Water temperature on the SEFRT fluctuated seasonally with an annual mean temperature of 26.38 °C (± SE 0.02 °C) and annual temperature range of 8.46 °C (± SE 0.11 °C; Fig. 2a). Annual mean SST and minimum SST significantly increased over the study period (Kendall–Theil nonparametric regression, NPR, p < 0.001). Heat stress duration and cold stress duration (Fig. 2b) significantly varied between years (KW, p < 0.001) and sub-regions (KW, p < 0.001). Heat stress duration had a peak of 49 days in Broward in 2015. Heat stress duration was also highest in Deerfield (36 days), Miami (39 days) and Biscayne (28 days) in 2015. Heat stress duration was highest in 2009 in Martin (25 days) and South Palm Beach (16 days). Cold stress duration peaked at 61 days in Broward in 2010. Cold stress duration in 2010 was also highest in Martin (35 days), Deerfield (13 days) and Miami (51 days). In South Palm Beach and Biscayne, cold stress duration was highest in 2011 (36 and 39 days, respectively).

Fig. 2
figure 2

a Mean daily SST across all sub-regions 2007–2016. Top dashed line represents the thermal high threshold for the SEFRT (1 °C above maximum mean summertime SST), and bottom dashed line represents the thermal low threshold (1 °C below minimum mean wintertime SST); b thermal stress duration (days ± SE) on the SEFRT for each year in all sub-regions (from 1 to 6 on top). Thermal highs = above 0 (red) and thermal lows = below 0 (blue)

Temporal trends

The taxonomic composition of benthic cover on the SEFRT changed over time, with a 63% decline in coral cover and a concomitant 92% increase in macroalgae cover from 2007 to 2016. Within this ten-year period, the greatest changes occurred from 2015 to 2016: coral cover declined 43% and macroalgae cover increased by 94%. Additional changes in the other major benthic taxa were seen from 2009 to 2012. A decrease in macroalgae cover was seen from 2010 to 2011. Octocoral cover increased from 2009 to 2010, but subsequently declined, with octocoral cover in 2012 being higher than in 2013, 2014, 2015 and 2016. Sponge cover increased between 2010 and 2011.
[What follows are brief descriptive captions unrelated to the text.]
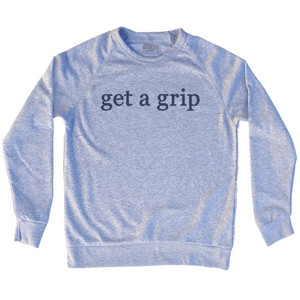 Get A Grip Rage Font Adult Tri-Blend Sweatshirt - Grey Heather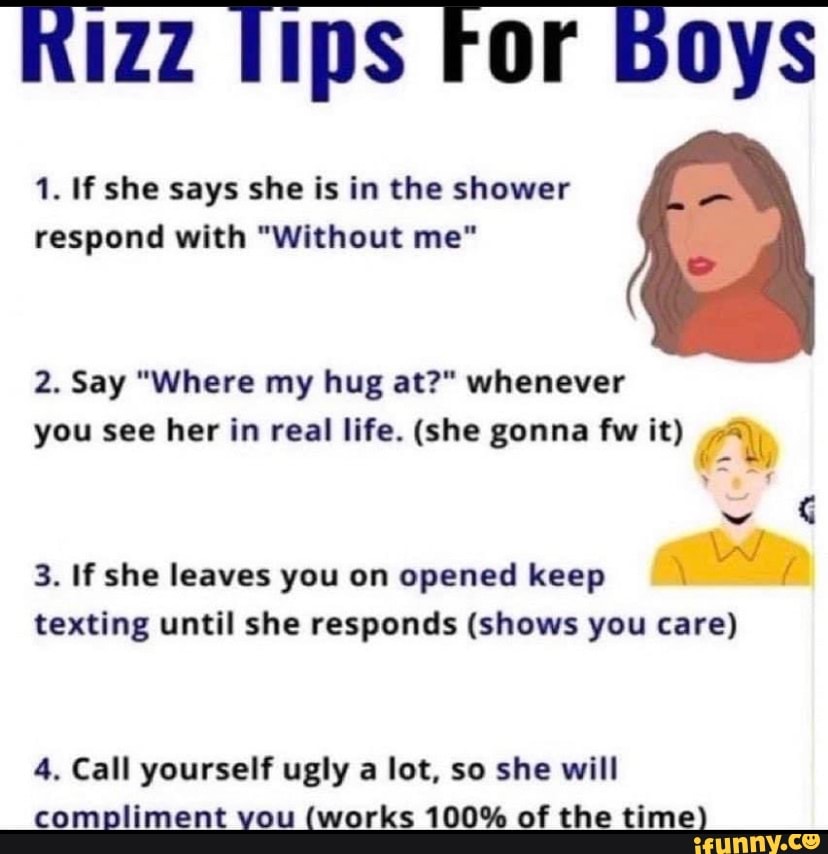 Lips For boys 1. If she says she is in the shower respond with "Without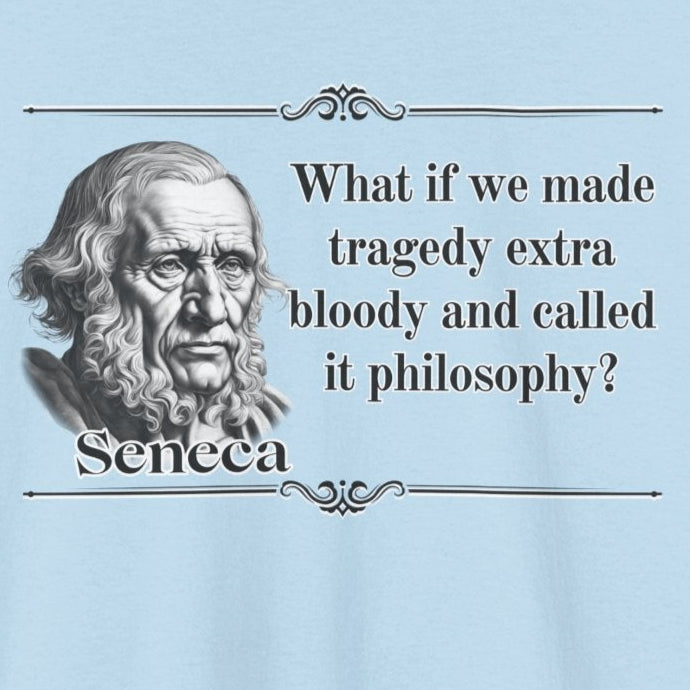 Seneca - Distilled Drama: When Life Gives You Fate, Embrace the Drama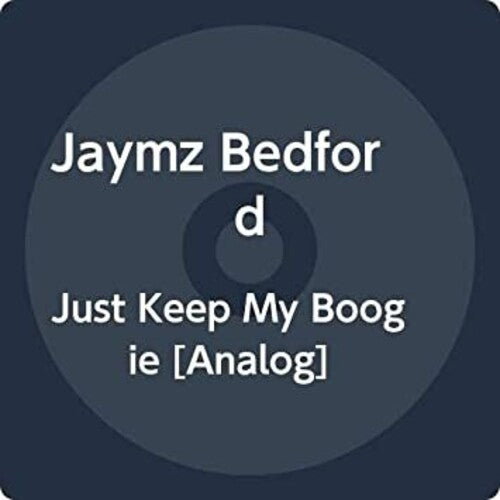 Bedford, Jaymz: Just Keep My Boogie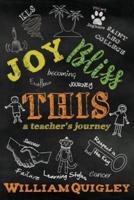 Joy Bliss This: A Teacher's Journey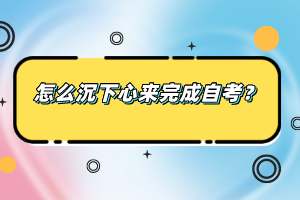 怎么沉下心來完成自考？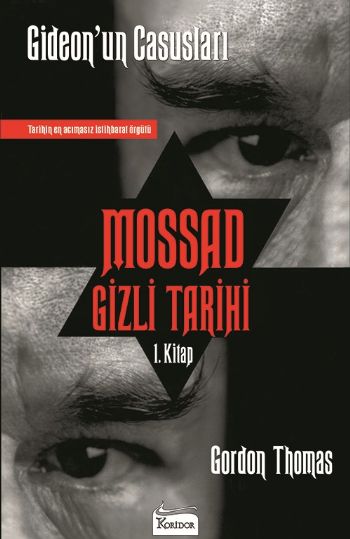 Mossad Gizli Tarihi 1 Kitap  Gideon’un Casusları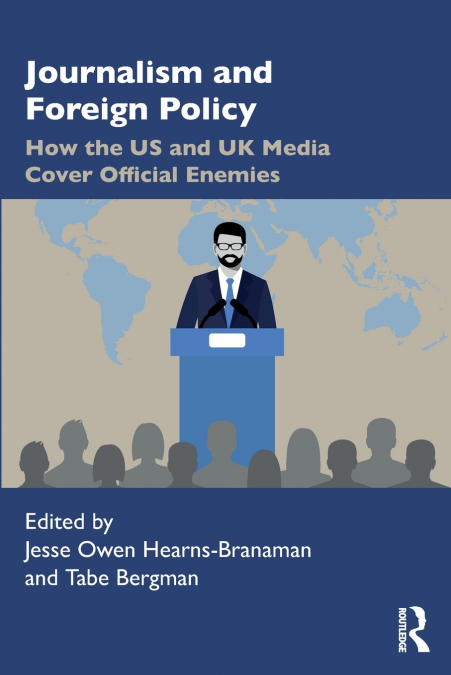 Journalism and Foreign Policy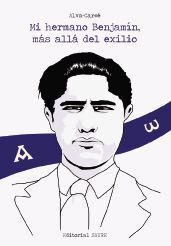 MI HERMANO BENJAMÍN, MÁS ALLÁ DEL EXILIO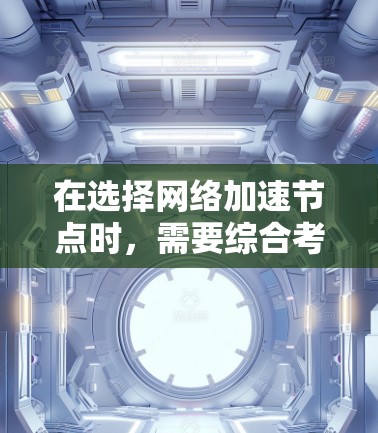 在选择网络加速节点时，需要综合考虑多个因素以确保网络连接的稳定性和速度。以下是详细的步骤指南
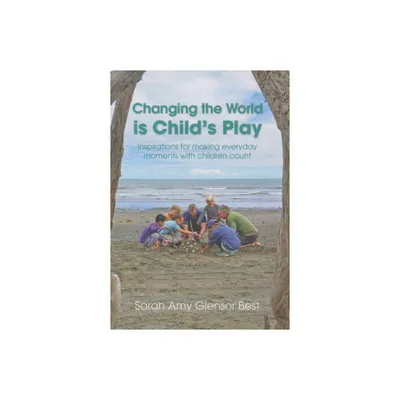 Changing the World Is Childs Play - by Sarah Amy Glensor Best (Paperback)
Within the coral community, declines were seen in multiple reef-building families. Montastraeidae cover was lower in 2016 than in all previous years and Merulinidae and Siderastreidae cover declined from 2015 to 2016. Acroporidae cover, located predominately at a single site, increased from 2007 to 2008 and from 2009 to 2010, but declined from 2010 to 2011, 2011 to 2012 and from 2014 to 2015. Weedy coral families did not experience the same declines, with Poritidae cover in 2014 higher than in 2007 and 2011 and Astrocoeniidae cover in 2014 higher than in 2007. The data trends (Figs. 3 and 4) suggest there would be a significant interaction between sub-region and year, but we were unable to appropriately test that interaction in our model (see methods). We conducted additional analysis, modelling temporal trends within each sub-region.

Fig. 3
figure 3

Mean cover (± SE) from 2007 to 2016 of major benthic taxa, i.e. coral, macroalgae, octocoral and sponge, within sub-regions (1 = Martin, 2 = South Palm Beach, 3 = Deerfield, 4 = Broward, 5 = Miami, 6 = Biscayne); no data were collected in Deerfield in 2009 or Biscayne 2007–2009. All values are absolute and are percentages of the total benthic cover

Fig. 4
figure 4

Biplot showing spatiotemporal variability in principal components (PC1 & 2) between sub-regions. PC1 and PC2 account for 85% and 9% of variation, respectively. Colours and shapes are consistent for sub-regions (Fig. 1); years are labelled. Arrows reflect influence of taxa driving dissimilarity in community composition between samples

Sub-region benthic cover change

Significant declines in coral, octocoral and macroalgae were seen in sub-regions with the highest cover of each taxa over the study (Fig. 3). Coral cover in Broward significantly declined annually from 2007 to 2011 and again from 2014 to 2016 (p < 0.001). Macroalgae cover in Martin significantly declined from 2010 to 2011 (p < 0.001) and increased in 2012, before significantly declining every year since (p < 0.001). Octocoral cover in South Palm Beach significantly declined from 2010 (highest cover year) to 2011, from 2011 to 2012 and from 2012 to 2013 (p < 0.001). Coral cover also significantly declined from 2015 to 2016 in South Palm Beach, Deerfield and Miami (p < 0.001) and from 2014 to 2015 in Biscayne (p < 0.001). A slight increasing trend was seen in some sub-regions until 2014, with coral cover in Miami significantly higher in 2014 than in 2007, 2008, 2009 and 2010 (p < 0.001). Macroalgae cover significantly increased every year from 2012 to 2016 in South Palm Beach (p < 0.001) and from 2013 to 2016 in Broward (p < 0.001) and Biscayne (p < 0.01). Macroalgae cover in 2016 was significantly higher than all other years in South Palm Beach, Broward, Miami and Biscayne (p < 0.01). Octocoral cover declined in Deerfield and Broward from 2014 to 2015 (p < 0.01) and in Miami from 2015 to 2016 (p < 0.01). Sponge cover significantly increased in Martin, South Palm Beach and Broward from 2009 to 2010 and from 2010 to 2011 (p < 0.001).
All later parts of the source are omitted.